##### Available records #####

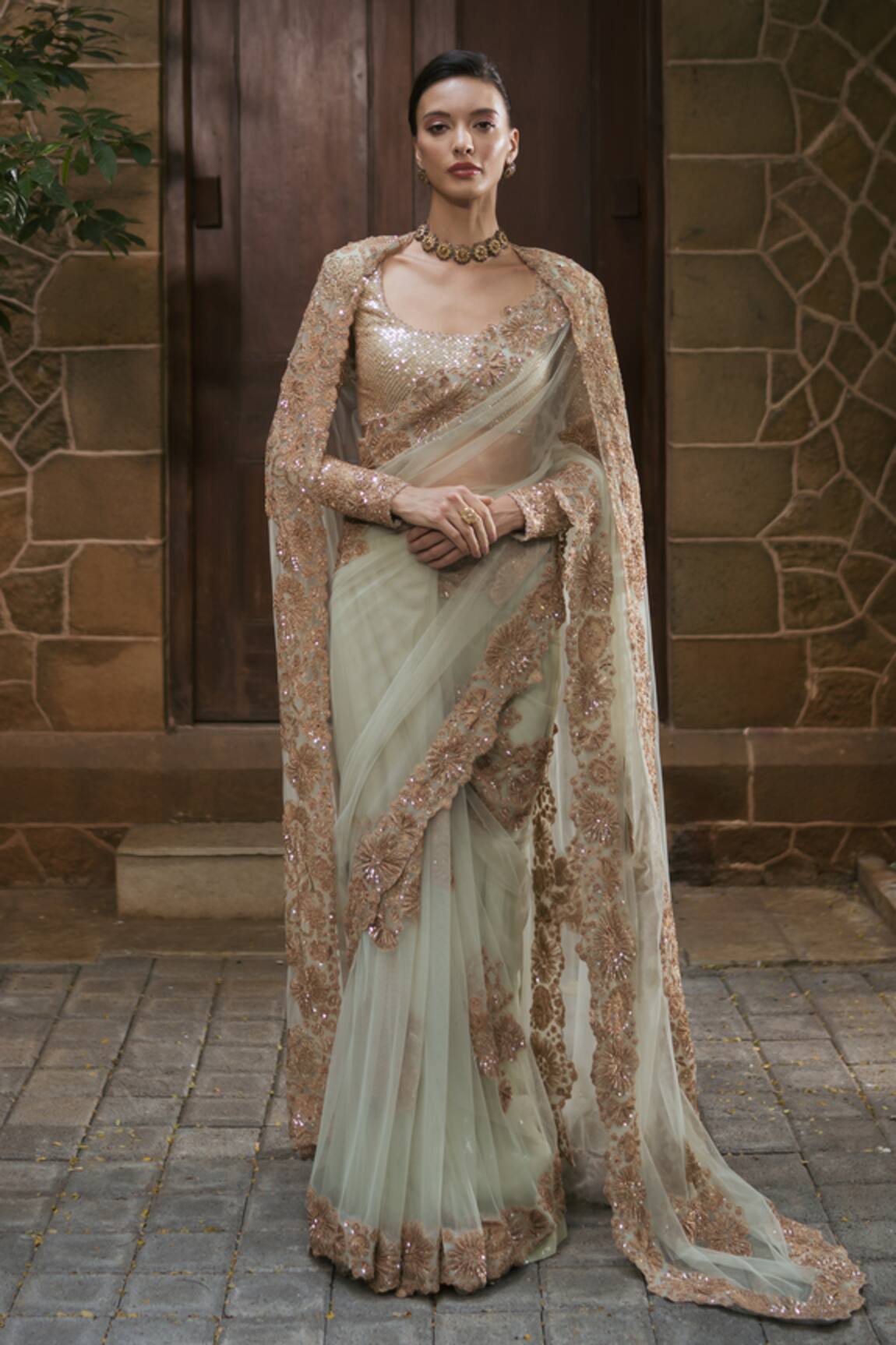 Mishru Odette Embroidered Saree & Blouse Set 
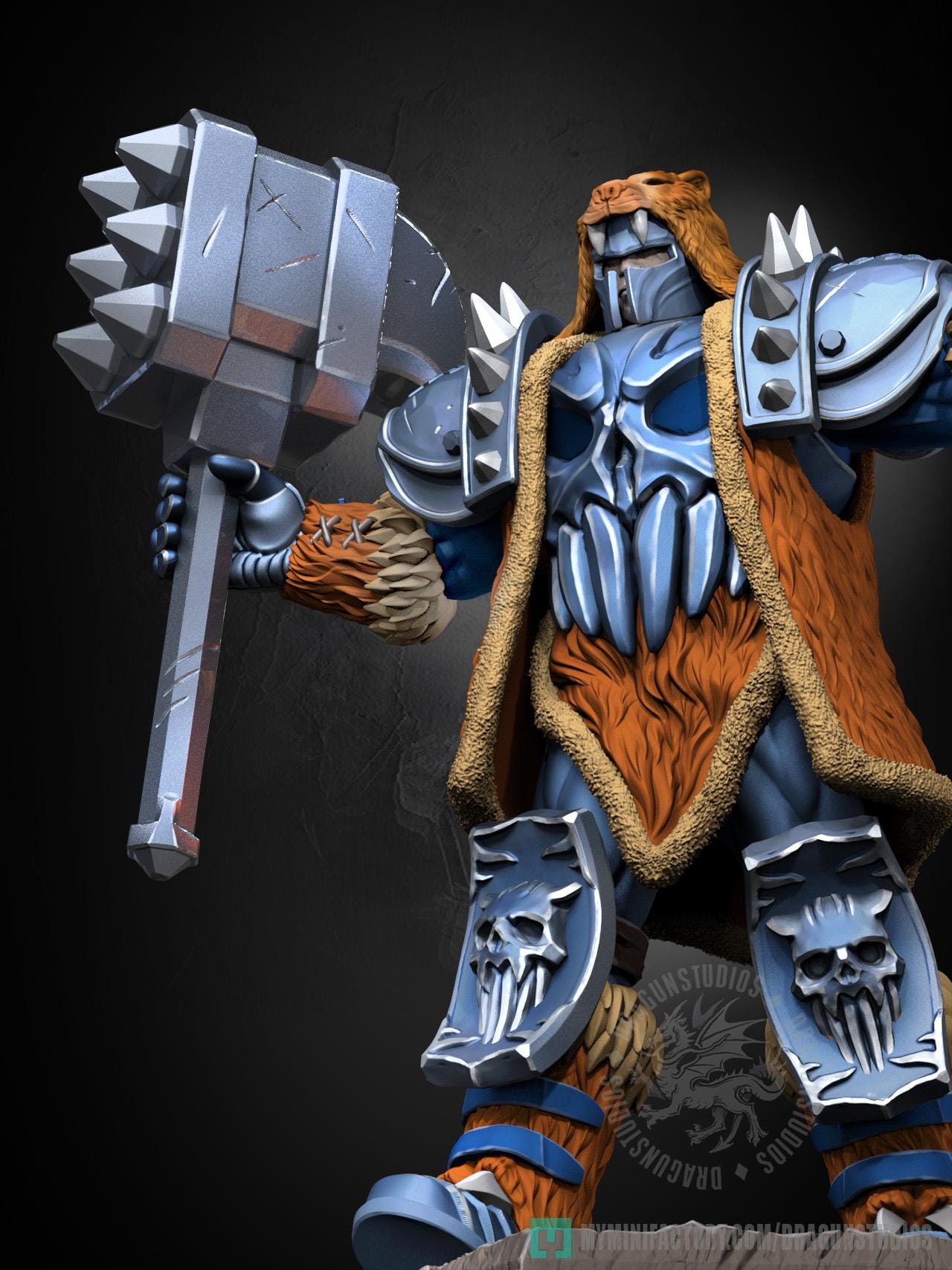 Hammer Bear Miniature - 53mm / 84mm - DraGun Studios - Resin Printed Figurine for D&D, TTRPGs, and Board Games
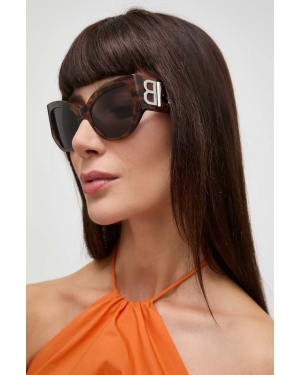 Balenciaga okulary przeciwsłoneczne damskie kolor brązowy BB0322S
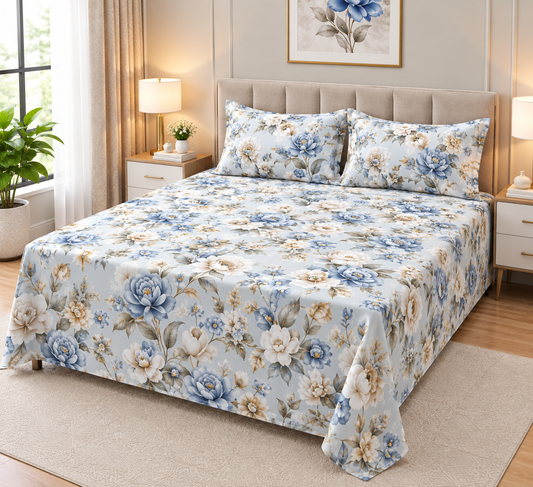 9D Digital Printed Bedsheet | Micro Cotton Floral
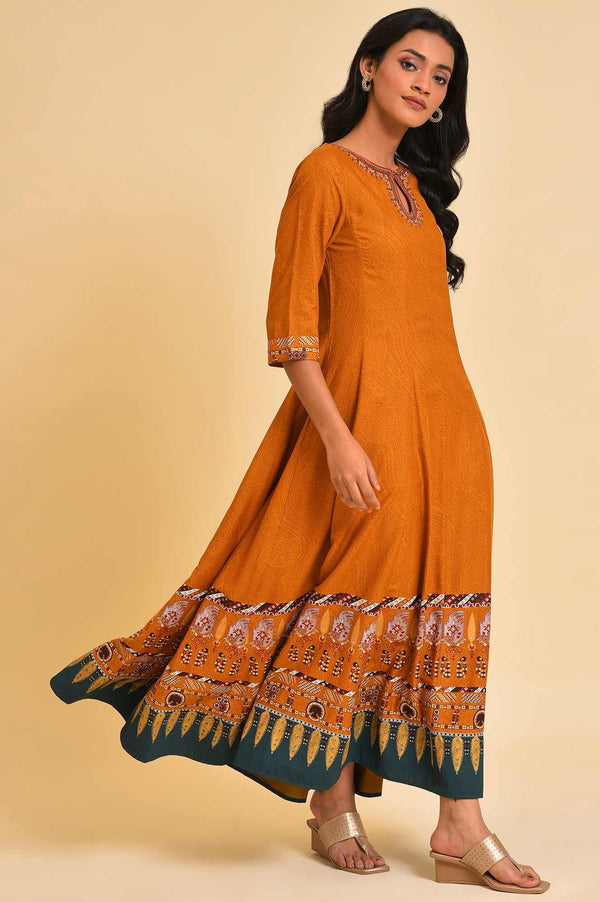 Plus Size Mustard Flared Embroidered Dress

#####

> Instructions for the task
Quote the material word for word, dropping any images it holds.

> Task solution
 Mishru Odette Embroidered Saree & Blouse Set 
 Hammer Bear Miniature - 53mm / 84mm - DraGun Studios - Resin Printed Figurine for D&D, TTRPGs, and Board Games
 Balenciaga okulary przeciwsłoneczne damskie kolor brązowy BB0322S
 9D Digital Printed Bedsheet | Micro Cotton Floral
 Plus Size Mustard Flared Embroidered Dress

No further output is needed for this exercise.